══ Material provided ══

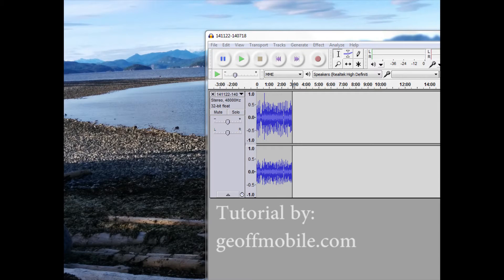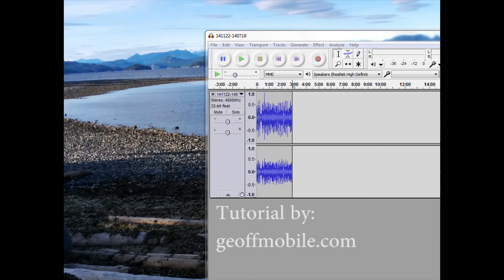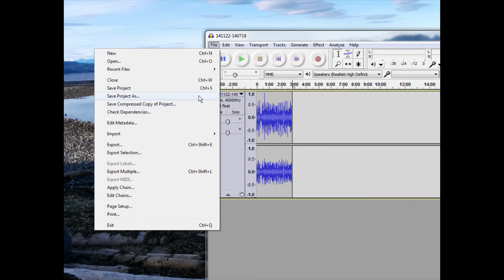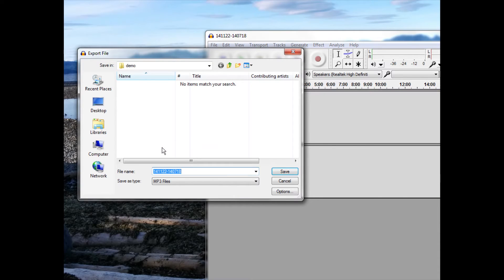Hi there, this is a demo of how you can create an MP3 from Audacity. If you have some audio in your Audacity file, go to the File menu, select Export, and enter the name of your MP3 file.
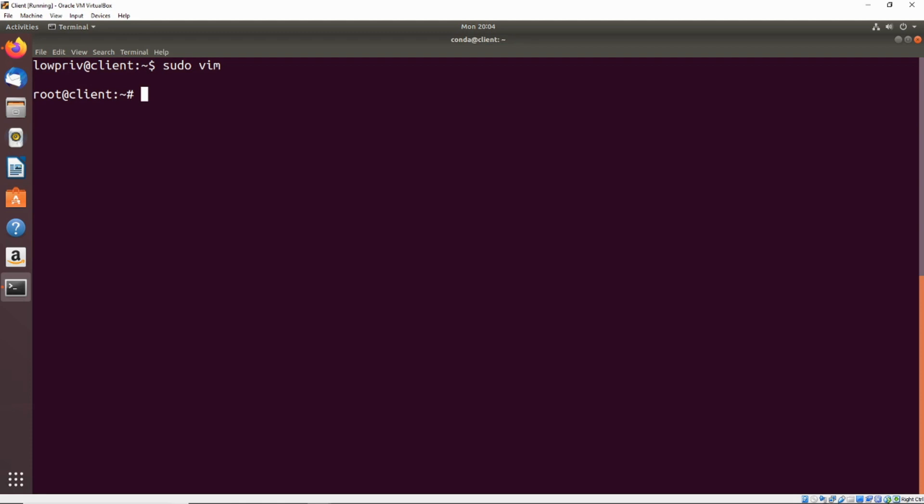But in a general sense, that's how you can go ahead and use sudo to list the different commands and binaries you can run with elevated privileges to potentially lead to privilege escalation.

═══
══ Material provided ══

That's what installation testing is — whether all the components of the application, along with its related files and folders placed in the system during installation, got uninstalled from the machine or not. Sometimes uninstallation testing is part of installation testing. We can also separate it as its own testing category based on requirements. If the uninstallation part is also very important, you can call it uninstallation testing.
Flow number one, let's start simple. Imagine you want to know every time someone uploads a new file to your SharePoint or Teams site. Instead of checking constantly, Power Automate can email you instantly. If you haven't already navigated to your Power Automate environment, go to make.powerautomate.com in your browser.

═══

In the listing above, find the line with "Hi there, this" and the line with "But in a general". Set down exactly those lines and everything between them, skipping pictures.

> _Response_
Hi there, this is a demo of how you can create an MP3 from Audacity. If you have some audio in your Audacity file, go to the File menu, select Export, and enter the name of your MP3 file.
But in a general sense, that's how you can go ahead and use sudo to list the different commands and binaries you can run with elevated privileges to potentially lead to privilege escalation.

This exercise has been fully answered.